- _WHAT IS BEING ASKED_
If an entry holds a picture, drop the picture and restate the rest word for word.

- _DATA SHOWN_
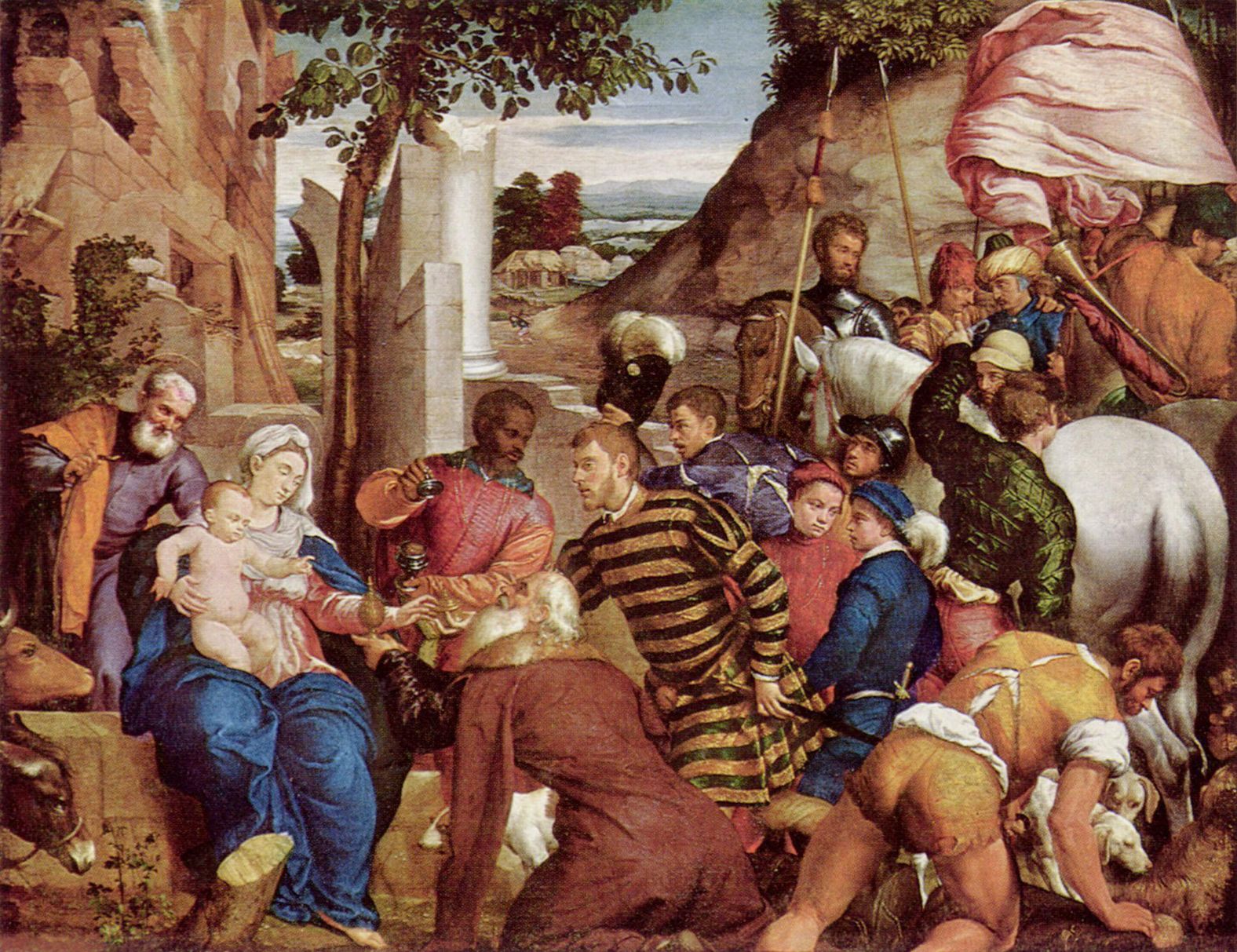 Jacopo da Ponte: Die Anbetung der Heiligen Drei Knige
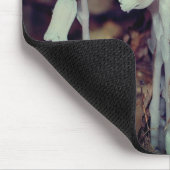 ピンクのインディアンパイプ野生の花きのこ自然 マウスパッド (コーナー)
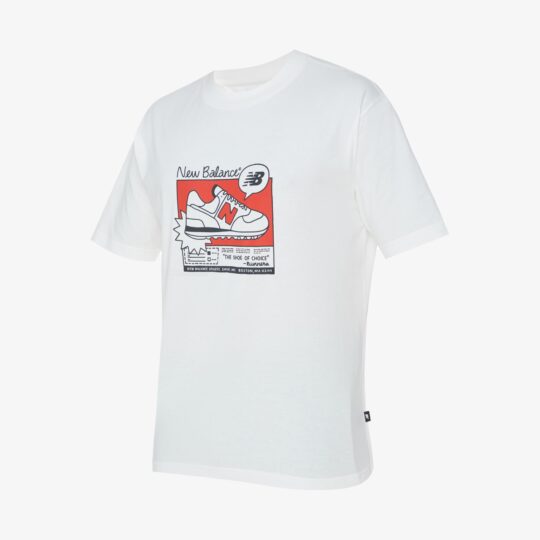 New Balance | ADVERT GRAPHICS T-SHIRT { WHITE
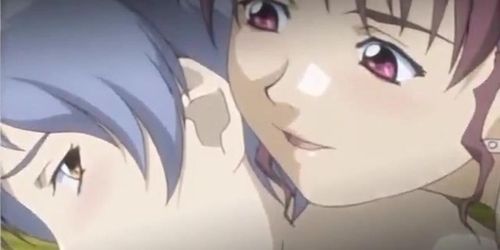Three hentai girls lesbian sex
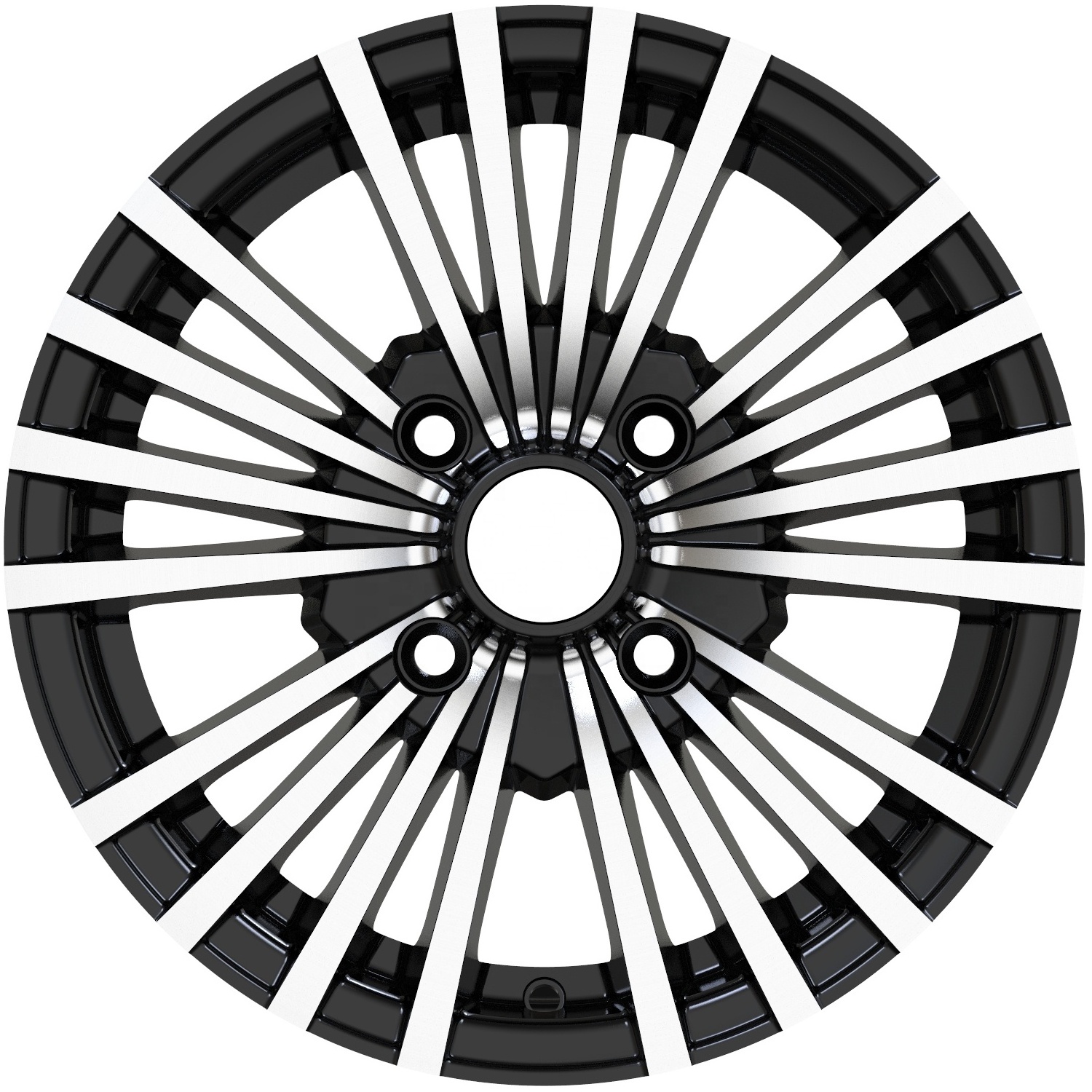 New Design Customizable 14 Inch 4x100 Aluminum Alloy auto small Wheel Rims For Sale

- _ANSWER TO THE PROBLEM_
 Jacopo da Ponte: Die Anbetung der Heiligen Drei Knige
 ピンクのインディアンパイプ野生の花きのこ自然 マウスパッド (コーナー)
 New Balance | ADVERT GRAPHICS T-SHIRT { WHITE
Three hentai girls lesbian sex
 New Design Customizable 14 Inch 4x100 Aluminum Alloy auto small Wheel Rims For Sale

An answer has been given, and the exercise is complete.